- Assignment:
In the records below, take the line containing "2027 Ford Explorer Tremor" and reproduce it and every subsequent line exactly, adding nothing.

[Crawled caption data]
=== Section Start ===

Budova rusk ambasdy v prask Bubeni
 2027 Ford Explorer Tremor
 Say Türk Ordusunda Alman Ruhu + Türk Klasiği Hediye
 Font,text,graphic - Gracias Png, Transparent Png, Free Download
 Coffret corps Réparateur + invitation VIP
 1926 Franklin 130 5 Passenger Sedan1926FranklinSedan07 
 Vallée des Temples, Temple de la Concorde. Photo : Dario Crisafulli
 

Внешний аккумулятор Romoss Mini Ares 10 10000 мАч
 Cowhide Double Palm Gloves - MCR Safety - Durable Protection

=== Section End ===

- Written response:
 2027 Ford Explorer Tremor
 Say Türk Ordusunda Alman Ruhu + Türk Klasiği Hediye
 Font,text,graphic - Gracias Png, Transparent Png, Free Download
 Coffret corps Réparateur + invitation VIP
 1926 Franklin 130 5 Passenger Sedan1926FranklinSedan07 
 Vallée des Temples, Temple de la Concorde. Photo : Dario Crisafulli
 

Внешний аккумулятор Romoss Mini Ares 10 10000 мАч
 Cowhide Double Palm Gloves - MCR Safety - Durable Protection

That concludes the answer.